Found out about two great Unix utils from articles over at About Kim . The first is a standard Unix utility that I’ve never noticed before called “rename”. It lets you rename a group of files according to a pattern. I checked, and it’s included already on both OSX and Fedora, although I had to sudo -su to root first on OSX.
I can’t believe I’ve been using shell loops to do the same thing for all this time and never realized there was a standard command to do it. Judging from the comments to Kim’s post, I’m not the only one who failed to notice this one.
TCPreen is a simple tool to monitor and analyze data transmitted between clients and servers through connection-oriented streams data such as a TCP sessions; it supports TCP over either IPv4 or IPv6. This tool focuses on the data stream (software/socket layer), not on the lower level transmission protocol as packet sniffers do.

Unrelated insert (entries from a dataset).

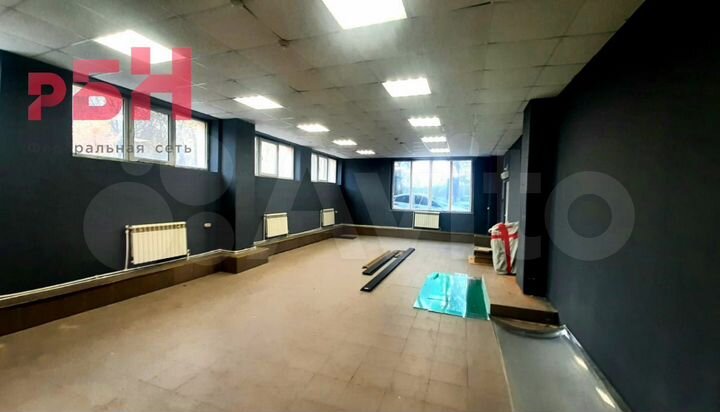 Нагаево. Торговое помещение, 160 м²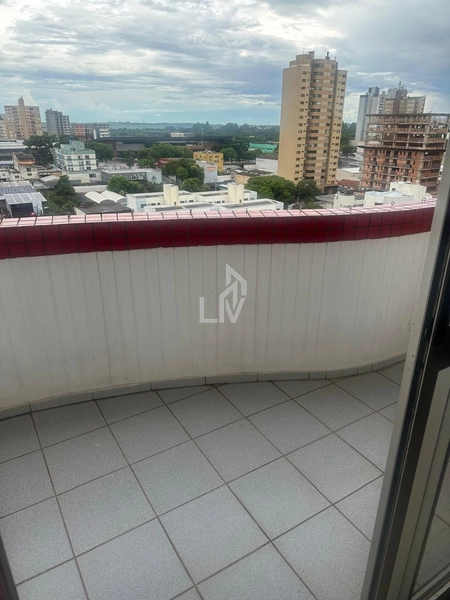 Apartamento com suíte e 2 quartos a venda - Centro - Cascavel/PR: 6ª foto da galeria de imagens do imóvel
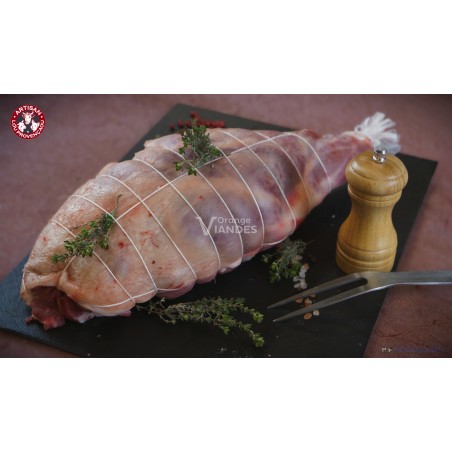 GIGOT D'AGNEAU PREPARE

TCPreen listens on a TCP port and wait for incoming connections to come in. Then, it forwards data sent by the connecting client to another server port (possibly on another computer) and forwards server responses back to the client.
TCPreen can display data on your console in real-time and/or save it to log files for later reference. Various display formats are available.
While it was originally meant to help developers reverse-engineer TCP-based protocols, it can also be very useful to debug network server or client software or for a system administrator to monitor a TCP service
There have been several times in my career I could have really used that. I’m definately bookmarking that one.